No addition to or variation of these terms shall be valid unless expressly agreed in writing by a Director of HCH Solutions.

  1. Definitions
  • “Company” refers to BH Lowestoft Ltd T/A HCH Solutions
  • “Goods” means any product supplied or manufactured by the Company
  • “Buyer” means any person, firm or company who purchases Goods from the Company
  • “Signatory” means the person who authorises an order on behalf of the Buyer
  1. Returns

Returns of correctly supplied stock items are subject to a 20% handling charge plus any applicable return carriage costs.
Custom, printed, or non-stock goods cannot be returned unless faulty. All returns must quote the invoice number and date.

  1. Claims for Shortages or Damage

Any shortages or damages must be noted at the time of delivery and reported immediately. Goods signed for as “unchecked” or “unexamined” will not be accepted as valid grounds for claims. Failure to notify damage at the point of delivery may invalidate the claim.

  1. Risk and Title

4.1 Risk in the Goods passes to the Buyer upon delivery.
4.2 Title to the Goods remains with the Company until full payment is received.
4.3 Until title passes, the Buyer holds the Goods as fiduciary agent and shall keep them separately stored and clearly marked.
4.4 The Company reserves the right to reclaim any unpaid Goods and to enter the Buyer’s premises for this purpose.
4.5 The Buyer gives irrevocable consent for such access.
4.6 This clause does not limit any other legal rights available to the Company.
47 Repossession of Goods does not extinguish the Buyer’s liability to pay.

  1. Specification and Descriptions

Specifications, descriptions, weights and images are provided as general guidance and are not binding. The Company reserves the right to amend designs or specifications without notice, provided product function is not materially affected.

  1. Product Use and Suitability

Advice or guidance provided by the Company is given in good faith but without liability. It is the Buyer’s responsibility to determine the suitability of the Goods for their intended purpose.

  1. Improper Use

The Company accepts no responsibility for damage, injury or loss arising from misuse, negligent handling, or use of Goods outside their intended specification.

  1. Consequential Loss

The Company shall not be liable for any indirect, special, or consequential loss (including loss of profit or contract), howsoever caused, whether directly or indirectly arising from the supply of Goods.

  1. Delivery

Delivery dates are estimates only. While the Company aims to deliver promptly, no liability is accepted for delay.

  1. Prices and VAT

All prices are subject to change without notice. Prices exclude VAT, which is added at the prevailing rate.

  1. Payment Terms

12.1 Payment is due by the end of the month following delivery for approved credit accounts.
12.2 Non-account customers must pay in full prior to dispatch.
12.3 The Company may apply interest on overdue balances at 8% above the base rate of Barclays Bank plc.
12.4 Repeated late payment may result in credit facilities being suspended or withdrawn.

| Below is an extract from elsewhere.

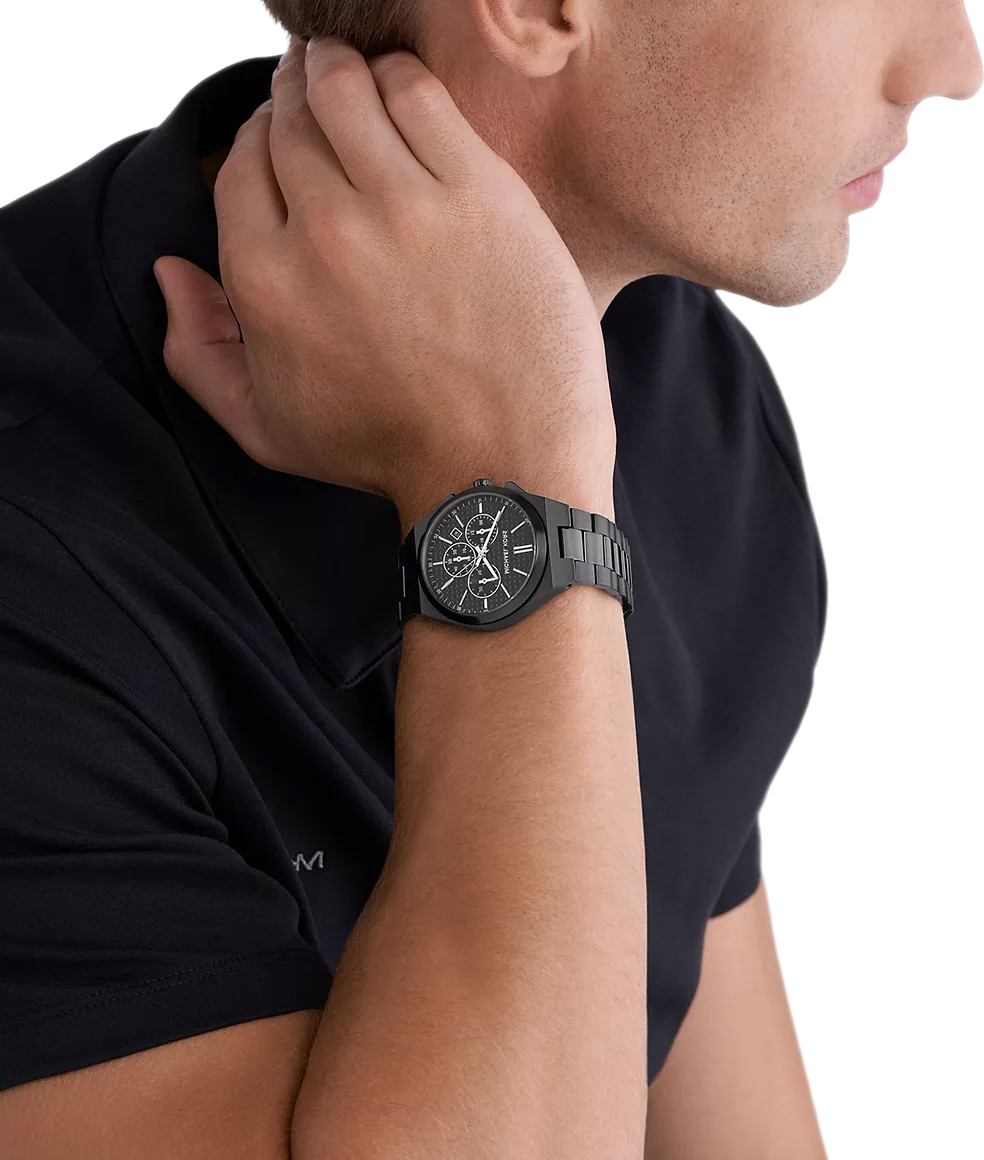 Montre Homme Michael Kors Lennox MK9146 - Chronographe Quartz - Cadran et Bracelet Acier Noir vue 4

  1. Account Suspension and Termination

The Company reserves the right to suspend or terminate credit facilities without prior notice. In such cases, all outstanding sums shall become immediately payable. Future deliveries may be withheld until payment is made in full.

  1. Set Off

The Buyer agrees that in the event of account closure or suspension, any amounts owed to the Company may be set off against sums due to the Buyer, regardless of the Buyer’s own terms.

  1. Warranty and Guarantee by Signatory

14.1 Where the Buyer is a limited company, the Signatory confirms:

  • The Buyer is solvent and capable of meeting all payment obligations.
  • The Company will be informed immediately if this changes.

14.2 The Signatory guarantees the full settlement of any present or future debt owed by the Buyer to the Company.

  1. Waiver

Any failure by the Company to enforce its rights under these Terms shall not be construed as a waiver of such rights.

  1. Severability

If any part of these Terms is found to be invalid or unenforceable, it shall be deemed deleted without affecting the remainder.

  1. Governing Law

These Terms and all contracts arising therefrom shall be governed by and construed in accordance with the laws of England and Wales. Any disputes shall be subject to the jurisdiction of the English courts.